Work to be completed: Each entry, in full: copy it out exactly.

Stored data entries:

=====

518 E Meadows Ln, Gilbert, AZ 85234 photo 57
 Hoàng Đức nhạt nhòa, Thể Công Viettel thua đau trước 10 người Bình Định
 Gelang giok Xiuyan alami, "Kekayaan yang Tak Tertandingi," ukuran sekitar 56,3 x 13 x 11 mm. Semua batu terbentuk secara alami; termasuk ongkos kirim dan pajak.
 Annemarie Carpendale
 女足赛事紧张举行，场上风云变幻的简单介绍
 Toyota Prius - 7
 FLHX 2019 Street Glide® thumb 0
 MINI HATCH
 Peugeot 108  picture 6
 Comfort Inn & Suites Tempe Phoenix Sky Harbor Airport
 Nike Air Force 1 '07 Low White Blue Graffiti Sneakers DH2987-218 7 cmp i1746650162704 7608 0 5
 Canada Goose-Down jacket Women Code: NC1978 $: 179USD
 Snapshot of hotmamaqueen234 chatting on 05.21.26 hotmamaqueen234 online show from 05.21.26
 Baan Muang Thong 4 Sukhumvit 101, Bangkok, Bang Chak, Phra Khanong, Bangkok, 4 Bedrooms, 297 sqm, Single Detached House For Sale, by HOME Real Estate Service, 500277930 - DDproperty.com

=====

Response to this exercise:
518 E Meadows Ln, Gilbert, AZ 85234 photo 57
 Hoàng Đức nhạt nhòa, Thể Công Viettel thua đau trước 10 người Bình Định
 Gelang giok Xiuyan alami, "Kekayaan yang Tak Tertandingi," ukuran sekitar 56,3 x 13 x 11 mm. Semua batu terbentuk secara alami; termasuk ongkos kirim dan pajak.
 Annemarie Carpendale
 女足赛事紧张举行，场上风云变幻的简单介绍
 Toyota Prius - 7
 FLHX 2019 Street Glide® thumb 0
 MINI HATCH
 Peugeot 108  picture 6
 Comfort Inn & Suites Tempe Phoenix Sky Harbor Airport
 Nike Air Force 1 '07 Low White Blue Graffiti Sneakers DH2987-218 7 cmp i1746650162704 7608 0 5
 Canada Goose-Down jacket Women Code: NC1978 $: 179USD
 Snapshot of hotmamaqueen234 chatting on 05.21.26 hotmamaqueen234 online show from 05.21.26
 Baan Muang Thong 4 Sukhumvit 101, Bangkok, Bang Chak, Phra Khanong, Bangkok, 4 Bedrooms, 297 sqm, Single Detached House For Sale, by HOME Real Estate Service, 500277930 - DDproperty.com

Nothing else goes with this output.